[LU-15745] Client error when multiple filesystems mounted with differing jobid_var settings Created: 14/Apr/22 Updated: 14/Apr/22 |
|
| Status: | Open |
| Project: | Lustre |
| Component/s: | None |
| Affects Version/s: | Lustre 2.15.0 |
| Fix Version/s: | None |
| Type: | Bug | Priority: | Minor |
| Reporter: | Nathan Crawford | Assignee: | WC Triage |
| Resolution: | Unresolved | Votes: | 0 |
| Labels: | None | ||
| Environment: |
CentOS 7.9, servers 2.12.8, client 2.15.0-RC3, Q-logic/Intel QDR Infiniband. |
||
| Rank (Obsolete): | 9223372036854775807 |
| Description |
|
In trying to work around lock timeouts with parallel compilation of GCC (client and server both on Lustre 2.12.8), I tried upgrading a client node to 2.15.0-RC3. The lock timeouts went away, but errors like the following appeared in dmesg: [ +0.309601] LustreError: cowardly refusing to write 4123 bytes in a page [ +0.000010] LustreError: 11121:0:(jobid.c:348:cfs_get_environ()) key: SLURM_JOB_ID, entry: MAKEFLAGS=w --jobserver-fds=3,4 -j -- MAKEINFO=makeinfo\ --split-size=5000000\ --split-size=5000000\ --split-size=5000000 CONFIG_SHELL=/bin/sh TFLAGS= STAGEautofeedback_TFLAGS=-fchecking=1 STAGEautofeedback_GENERATOR_CFLAGS= STAGEautofeedback_CXXFLAGS=-g\ -O2\ -fchecking=1 STAGEautofeedback_CFLAGS=-g\ -O2\ -fchecking=1 STAGEautoprofile_TFLAGS=-fno-checking STAGEautoprofile_GENERATOR_CFLAGS= STAGEautoprofile_CXXFLAGS=-g\ -O2\ -fno-checking\ -gtoggle\ -g STAGEautoprofile_CFLAGS=-g\ -O2\ -fno-checking\ -gtoggle\ -g STAGEfeedback_TFLAGS= STAGEfeedback_GENERATOR_CFLAGS= STAGEfeedback_CXXFLAGS=-g\ -O2\ -fprofile-use STAGEfeedback_CFLAGS=-g\ -O2\ -fprofile-use STAGEtrain_TFLAGS= STAGEtrain_GENERATOR_CFLAGS= STAGEtrain_CXXFLAGS=-g\ -O2 STAGEtrain_CFLAGS=-g\ -O2 STAGEprofile_TFLAGS=-fno-checking STAGEprofile_GENERATOR_CFLAGS= STAGEprofile_CXXFLAGS=-g\ -O2\ -fno-checking\ -gtoggle\ -fprofile-generate STAGEp Our main lustre system, DFS-L, was configured to collect slurm jobstats (jobid_var=SLURM_JOB_ID), but our scratch system, XXX-L, was still at the default (jobid_var=disable).
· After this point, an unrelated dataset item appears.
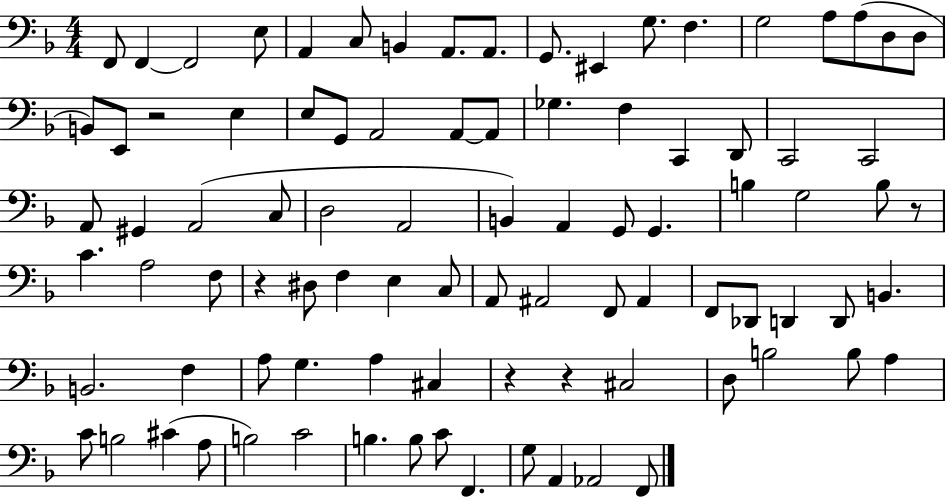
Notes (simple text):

F2/e F2/q F2/h E3/e A2/q C3/e B2/q A2/e. A2/e. G2/e. EIS2/q G3/e. F3/q. G3/h A3/e A3/e D3/e D3/e B2/e E2/e R/h E3/q E3/e G2/e A2/h A2/e A2/e Gb3/q. F3/q C2/q D2/e C2/h C2/h A2/e G#2/q A2/h C3/e D3/h A2/h B2/q A2/q G2/e G2/q. B3/q G3/h B3/e R/e C4/q. A3/h F3/e R/q D#3/e F3/q E3/q C3/e A2/e A#2/h F2/e A#2/q F2/e Db2/e D2/q D2/e B2/q. B2/h. F3/q A3/e G3/q. A3/q C#3/q R/q R/q C#3/h D3/e B3/h B3/e A3/q C4/e B3/h C#4/q A3/e B3/h C4/h B3/q. B3/e C4/e F2/q. G3/e A2/q Ab2/h F2/e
The compilation of GCC was being done on XXX-L, but outside of slurm (SLURM_JOB_ID was not set). Turning off jobstats gathering on DFS-L with "lctl conf_param DFS-L.sys.jobid_var=disable" on the MGS made the error message go away. Is it possible to have multiple lustre file systems coexist with different jobid_var settings? We are not currently using the slurm jobstats, so keeping it off everywhere is fine for now. |